§ **DIRECTIONS**
Using the listing below, set down exactly the lines from the one that contains "The home also" through the one that contains "Hey, it's me, Anita, coming", with no pictures.

§ **SUPPLIED MATERIAL**
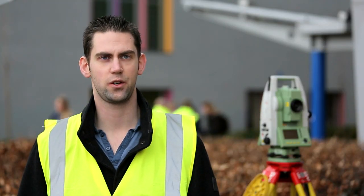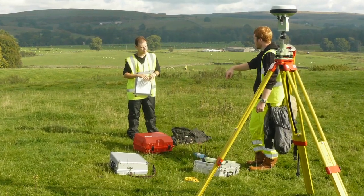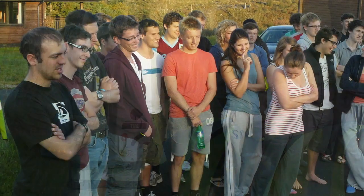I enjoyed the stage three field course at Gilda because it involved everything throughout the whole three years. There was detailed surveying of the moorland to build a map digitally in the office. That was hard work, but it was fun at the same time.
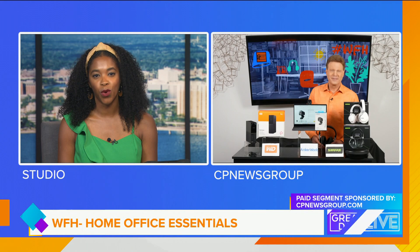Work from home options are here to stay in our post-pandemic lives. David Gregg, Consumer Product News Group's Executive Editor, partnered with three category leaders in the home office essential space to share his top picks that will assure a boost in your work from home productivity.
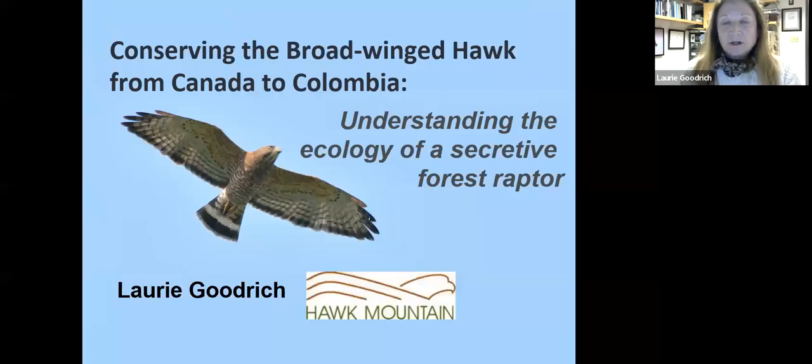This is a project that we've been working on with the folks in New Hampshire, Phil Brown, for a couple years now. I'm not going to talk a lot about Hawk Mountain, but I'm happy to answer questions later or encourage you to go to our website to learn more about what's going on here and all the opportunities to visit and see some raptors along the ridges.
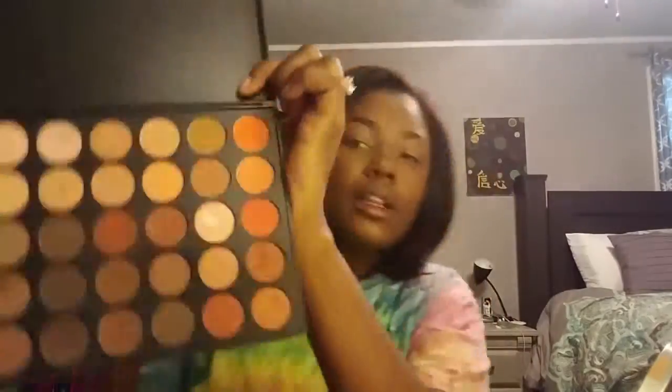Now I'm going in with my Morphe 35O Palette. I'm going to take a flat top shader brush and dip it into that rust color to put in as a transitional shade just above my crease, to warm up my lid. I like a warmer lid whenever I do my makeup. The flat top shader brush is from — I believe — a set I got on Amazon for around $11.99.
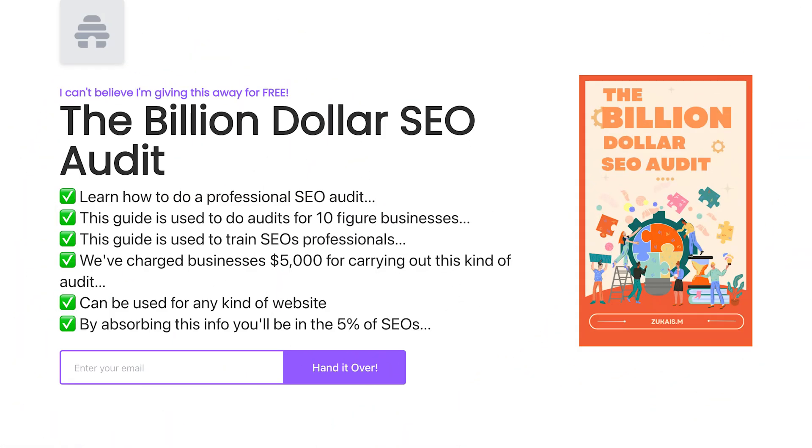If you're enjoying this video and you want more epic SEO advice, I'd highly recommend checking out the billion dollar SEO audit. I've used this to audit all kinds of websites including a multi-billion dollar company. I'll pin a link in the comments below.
* * *
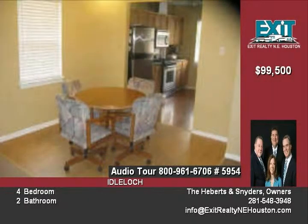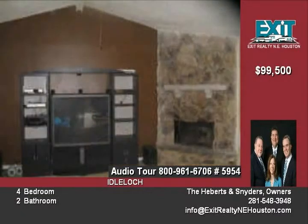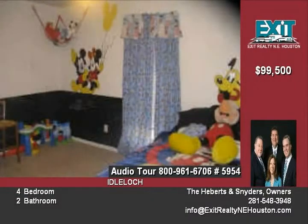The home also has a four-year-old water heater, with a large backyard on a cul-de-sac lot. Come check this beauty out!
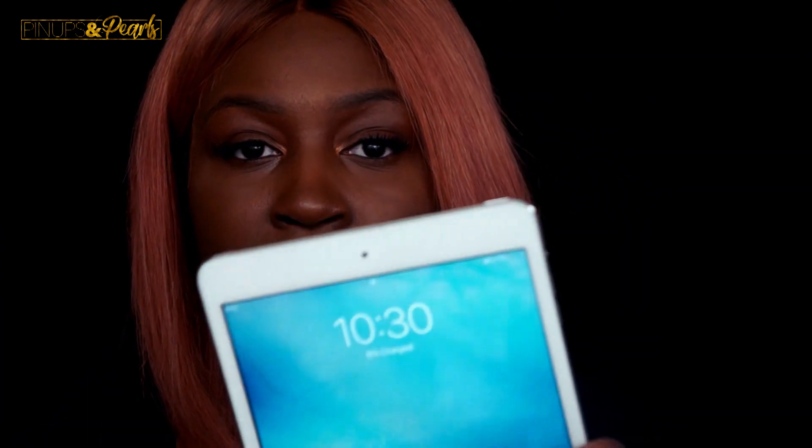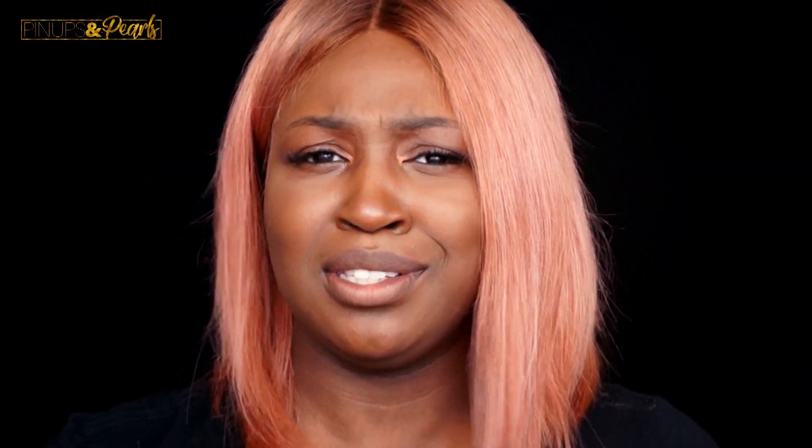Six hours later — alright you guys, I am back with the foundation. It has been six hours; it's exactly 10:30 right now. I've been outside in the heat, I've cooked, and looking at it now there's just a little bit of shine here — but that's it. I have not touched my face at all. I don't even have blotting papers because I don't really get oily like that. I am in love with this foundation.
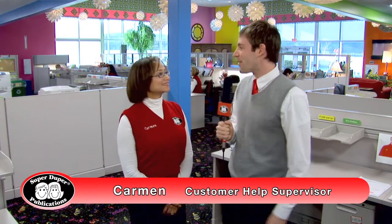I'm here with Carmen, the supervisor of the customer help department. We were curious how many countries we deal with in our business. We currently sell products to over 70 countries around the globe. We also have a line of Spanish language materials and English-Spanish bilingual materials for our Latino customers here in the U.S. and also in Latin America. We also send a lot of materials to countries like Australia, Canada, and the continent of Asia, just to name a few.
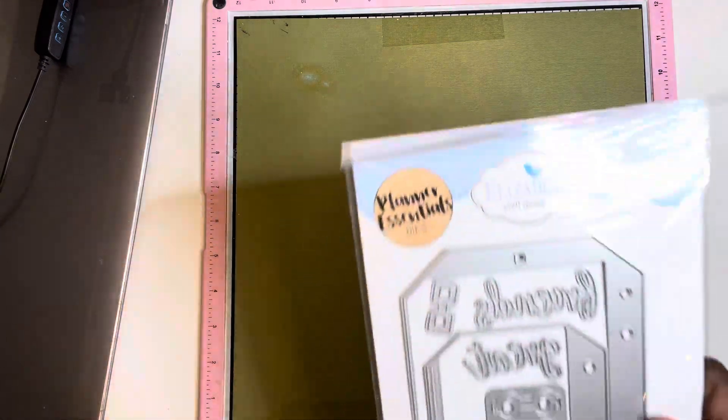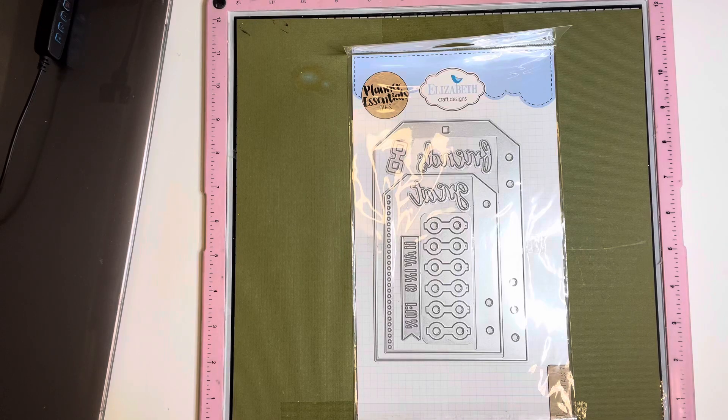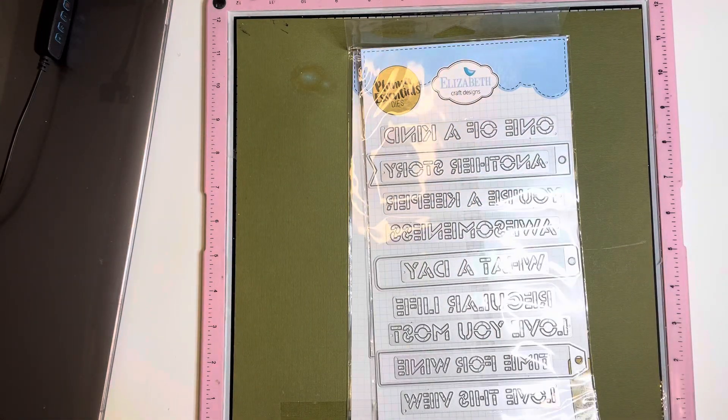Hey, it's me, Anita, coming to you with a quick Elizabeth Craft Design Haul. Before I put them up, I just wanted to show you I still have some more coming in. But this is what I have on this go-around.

§ **RESULT OF THE TASK**
The home also has a four-year-old water heater, with a large backyard on a cul-de-sac lot. Come check this beauty out!
Six hours later — alright you guys, I am back with the foundation. It has been six hours; it's exactly 10:30 right now. I've been outside in the heat, I've cooked, and looking at it now there's just a little bit of shine here — but that's it. I have not touched my face at all. I don't even have blotting papers because I don't really get oily like that. I am in love with this foundation.
I'm here with Carmen, the supervisor of the customer help department. We were curious how many countries we deal with in our business. We currently sell products to over 70 countries around the globe. We also have a line of Spanish language materials and English-Spanish bilingual materials for our Latino customers here in the U.S. and also in Latin America. We also send a lot of materials to countries like Australia, Canada, and the continent of Asia, just to name a few.
Hey, it's me, Anita, coming to you with a quick Elizabeth Craft Design Haul. Before I put them up, I just wanted to show you I still have some more coming in. But this is what I have on this go-around.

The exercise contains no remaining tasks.